Haunting Stuff

"Helena" from the artist Oberlin

“Helena” is the center-most track of the 11 that comprise *Übersee*, a new album by Oberlin, the name under which Alexander Holtz records. The full album is on [Bandcamp](https://oberlin.bandcamp.com/album/bersee). This piece was uploaded to SoundCloud as an example. Its six minutes are like a premonition transformed into sound. It’s haunting stuff, all tunnel wind and interference hum, beats no louder than a pin prick, and no less sharp.

Track originally posted at [soundcloud.com/moi-qui](https://soundcloud.com/moi-qui/helena-album-see-info).

Afrorack’s Crossed Rhythms

Recorded live

This is [another](https://disquiet.com/2020/08/02/current-listens-ugandan-synths-eno-anderson-chat/) great set from the Uganda-based synth musician Afrorack, aka Brian Bamanya. It has a more limited sonic palette and more intricately rhythmic intent that the live performance I mentioned [earlier this month](https://disquiet.com/2020/08/02/current-listens-ugandan-synths-eno-anderson-chat/), and those two aspects serve each other well. The frequently crossing patterns sound like steel percussion, and the slight tweaks of pitch bring to mind hand drums. Those subtle contrasts set the stage for how the individual pieces rotate through the set. Check out the 9:30 mark as an off beat is introduced and then slowly takes over. I listened to all 30 minutes of this several times in a row this afternoon.

Video originally posted at [youtube.com](https://www.youtube.com/watch?v=pCGZJK0OMDo). More from Afrorack/Bamanya at [bamanyabrian.com](https://bamanyabrian.com/).

Current Listens: Church Bells + Air Horns

Heavy rotation, lightly annotated

This is my weekly(ish) answer to the question “What have you been listening to lately?” It’s lightly annotated because I don’t like re-posting material without providing some context. In the interest of conversation, let me know what you’re listening to in the comments below. Just please don’t promote your own work (or that of your label/client). This isn’t the right venue. (Just use email.)

▰ ▰ ▰ ▰ ▰ ▰ ▰ ▰ ▰ ▰ ▰ ▰ ▰ ▰ ▰

NEW: Recent(ish) arrivals and pre-releases

Håkan Lidbo has ingeniously composed music intended to accompany long-standing public bells heard around Stockholm, Sweden, including two churches and a civic center.

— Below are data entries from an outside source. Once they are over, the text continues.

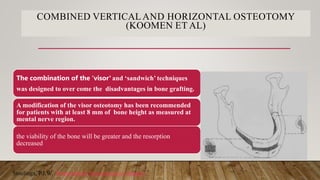 COMBINED VERTICALAND HORIZONTAL OSTEOTOMY
(KOOMEN ET AL)
The combination of the ‘visor’ and ‘sandwich’ techniques
was designed to over come the disadvantages in bone grafting.
A modification of the visor osteotomy has been recommended
for patients with at least 8 mm of bone height as measured at
mental nerve region.
the viability of the bone will be greater and the resorption
decreased
Stoelinga, P.J.W. Preprosthetic Reconstructive Surgery.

If you’re tired of me recommending Jon Hassell’s latest album, then please allow me to recommend a record by one of its featured contributing musicians, guitarist Eivind Aarset. [*Snow Catches on her Eyelashes*](https://eivindaarsetjanbang.bandcamp.com/album/snow-catches-on-her-eyelashes), released back in March on the Jazzland label, teams Aarset and Jan Bang on what could be the film score to a slow-burn science-fiction noir, all otherworldly tonalities transmuted through digital processing. Nils Petter Molvær (trumpet), through whose band I first experienced Aarset many years ago, is among the guests.

As the album’s title suggests, [*Harbors*](https://room40.bandcamp.com/album/harbors) sounds like coastal atmosphere come to musical life. With roughly 50 strings between them, Theresa Wong (cello) and Ellen Fullman (Long String Instrument, accounting for the remaining lion’s share) make resonant music together. Released last week on the Room40 label.

Maximalist ambient music — orchestral and soaring — created from, of all things, the sound of an air horn. Better yet, it’s [a multi-track video](https://www.youtube.com/watch?v=u7HkRNK3q-0) (using the SP-404, usually associated with beats). Recorded by the UK-based musician Morn Valley.

Forging Rhythmic Similarities

A collaboration between João Ricardo, Henrique Fernandes, and Jorge Quintela

*Sublumia: Liquid Aesthesia* is the trio of João Ricardo, Henrique Fernandes, and Jorge Quintela working in collaboration. They combine myriad tiny sounds, from closely experienced field recordings to minuscule devices to composed tones making subtle variations, all in the service of forming a detailed sound world that derives the exotic from the familiar. Such things, apparently, as field recordings of insect noise, the burble of boiling water, and the mechanistic click of unidentified gadgetry gather to a forge singular listening undertaking, one in which the similarities between the source materials, notably in rhythmic terms, provide a conceptual through line. Liner notes explain that the recordings originated as the sound of a combination performance and sound installation: “The objects that integrate it use the sound capture and projection of light from and on water and several electromechanical elements, such as air pumps, dc motors and sound induction devices, without resorting to manipulation or any type of artificialization of the sound sources or lighting.”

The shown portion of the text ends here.